Task instructions → Find the line that contains "Pilot's watch of". Copy it and every line after it to the end of the material below, exactly, with no pictures.

Material shown →
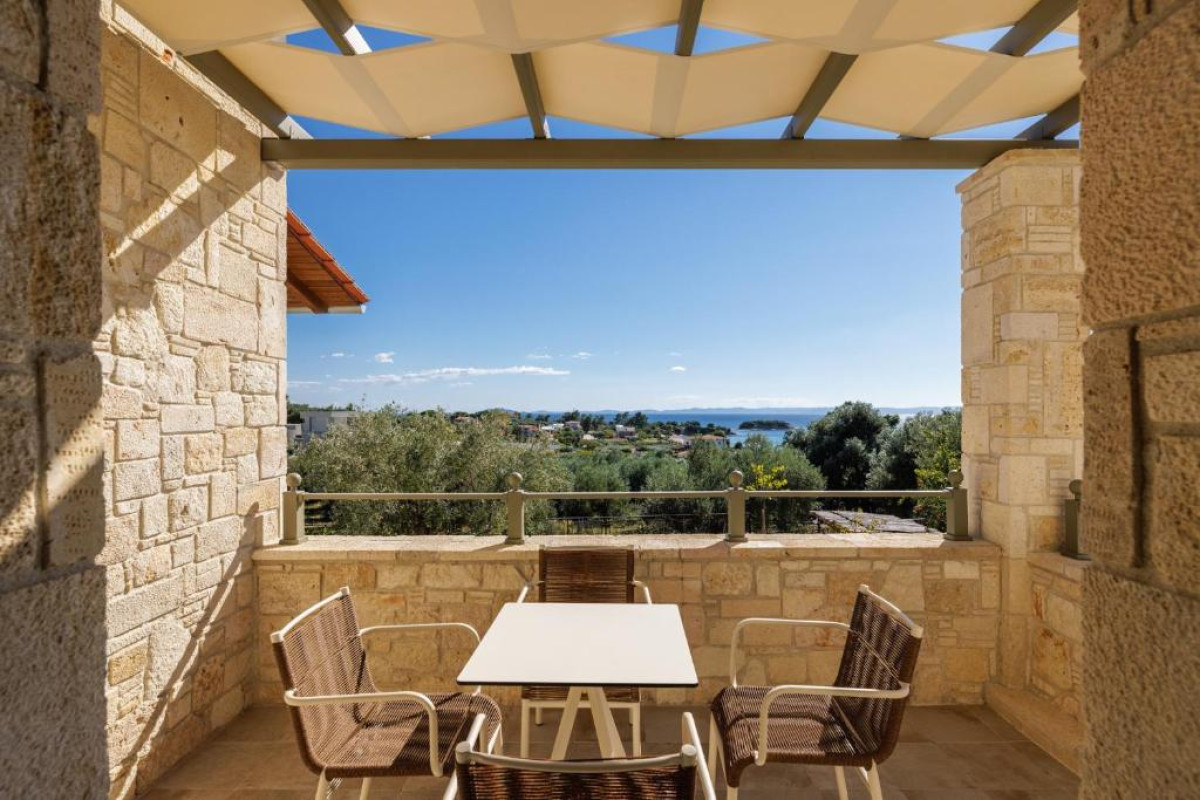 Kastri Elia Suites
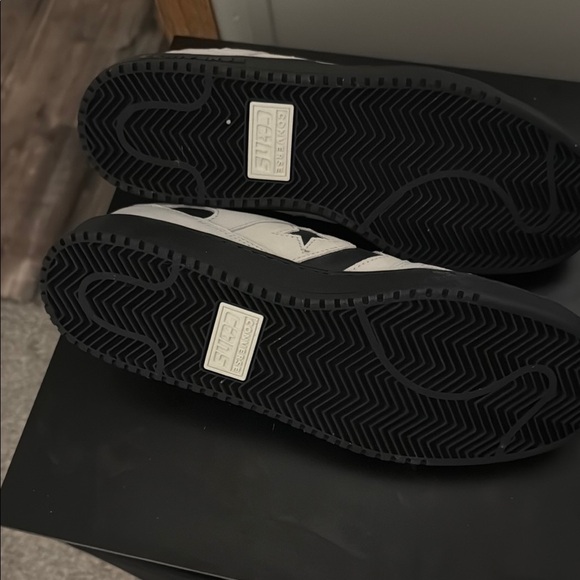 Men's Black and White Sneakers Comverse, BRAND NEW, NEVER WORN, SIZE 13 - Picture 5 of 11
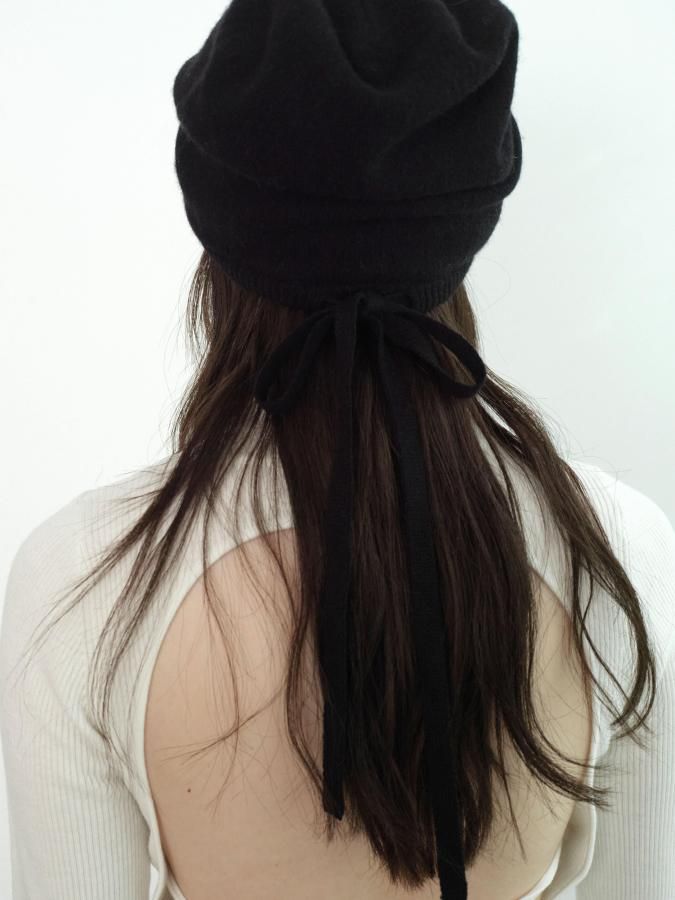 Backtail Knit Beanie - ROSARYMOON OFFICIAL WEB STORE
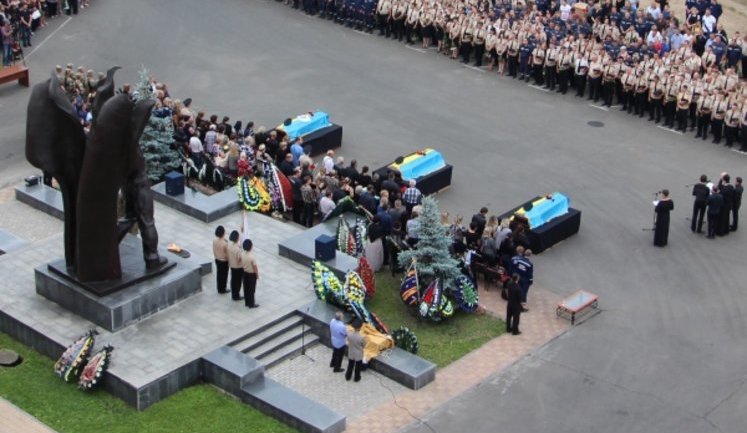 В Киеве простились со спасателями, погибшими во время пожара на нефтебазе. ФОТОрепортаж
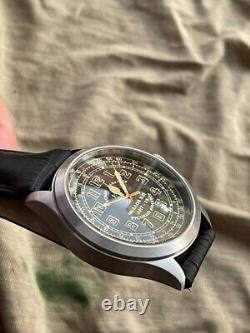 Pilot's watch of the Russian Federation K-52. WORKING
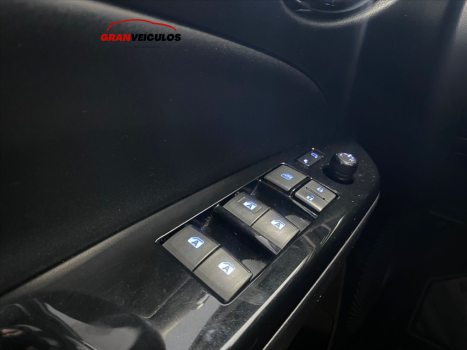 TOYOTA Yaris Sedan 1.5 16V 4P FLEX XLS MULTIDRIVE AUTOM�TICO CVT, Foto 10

Exercise output →
 Pilot's watch of the Russian Federation K-52. WORKING
 TOYOTA Yaris Sedan 1.5 16V 4P FLEX XLS MULTIDRIVE AUTOM�TICO CVT, Foto 10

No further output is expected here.